* [PROBLEM TO SOLVE]:
Begin at the line holding "In this video, we'll" and set down exactly each line through the last one below, omitting pictures. Include nothing else.

═════ DATA FOR ANALYSIS

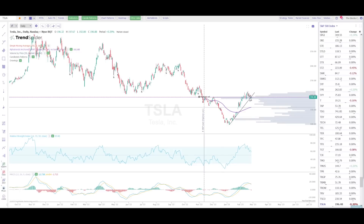I am an affiliate for Trendspider, so if you end up liking these tools and want to get a discount on this software, there will be a link below with a coupon code where you can save 10% off. Let's jump right into this chart and start out by looking at the Tesla trade idea, and then I'm going to show you how to add these tools to your chart and how to use them to enhance your trading.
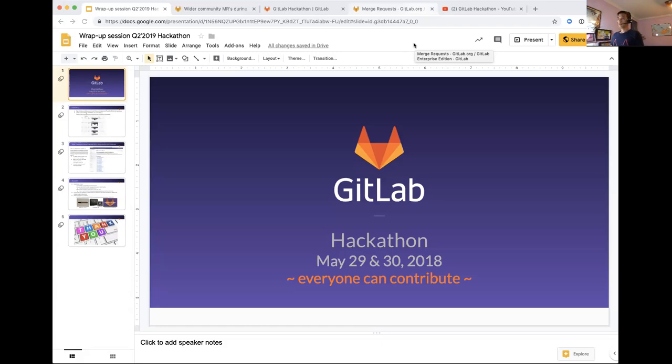Hello. Welcome to the wrap-up session for the Q2 Hackathon. My name is Ray Paik. I'm the Community Manager at GitLab.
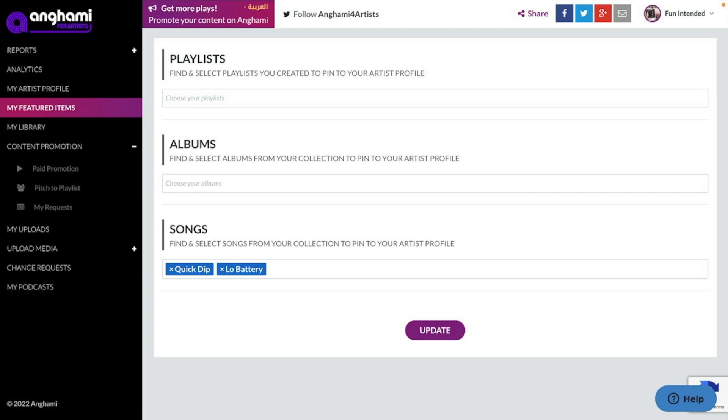Angami allows you to pitch your music for playlist consideration from the Angami editorial team. To do this, you will first need to have signed up with Angami for Artists.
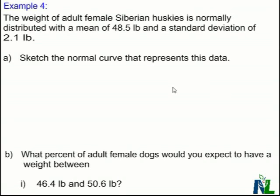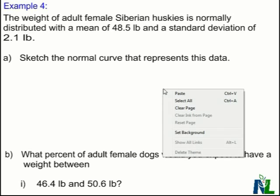In this video, we'll be using our knowledge of the normal distribution to answer a question in a word problem. Please take a moment to pause the video and read through the word problem. Once you've read through the word problem, we can see we're dealing with a population that has a mean of 48.5 pounds for Siberian Huskies, with a standard deviation of 2.1 pounds. We need to take this information and sketch it in a normal curve.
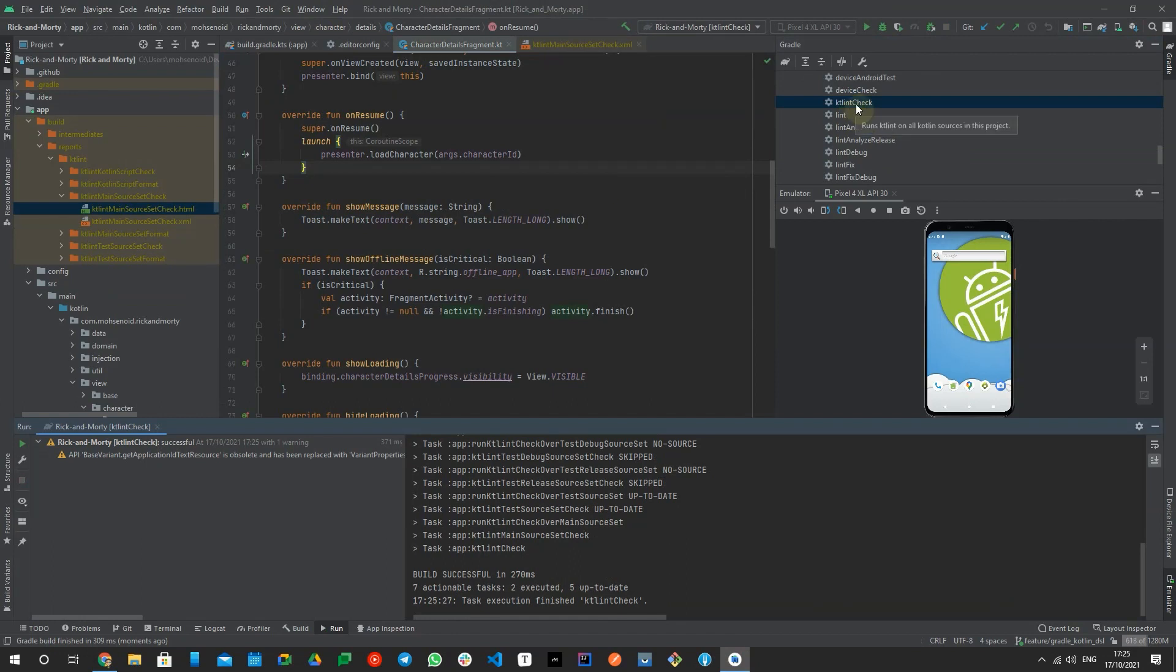I will add the KT Lint GitHub repo link and some articles about Linting on the video descriptions. Hopefully you found this tool practical and planning to add it to your project and CI checks this task for a better formatted code base.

══════════

* [TASK RESULT]:
In this video, we'll be using our knowledge of the normal distribution to answer a question in a word problem. Please take a moment to pause the video and read through the word problem. Once you've read through the word problem, we can see we're dealing with a population that has a mean of 48.5 pounds for Siberian Huskies, with a standard deviation of 2.1 pounds. We need to take this information and sketch it in a normal curve.
I will add the KT Lint GitHub repo link and some articles about Linting on the video descriptions. Hopefully you found this tool practical and planning to add it to your project and CI checks this task for a better formatted code base.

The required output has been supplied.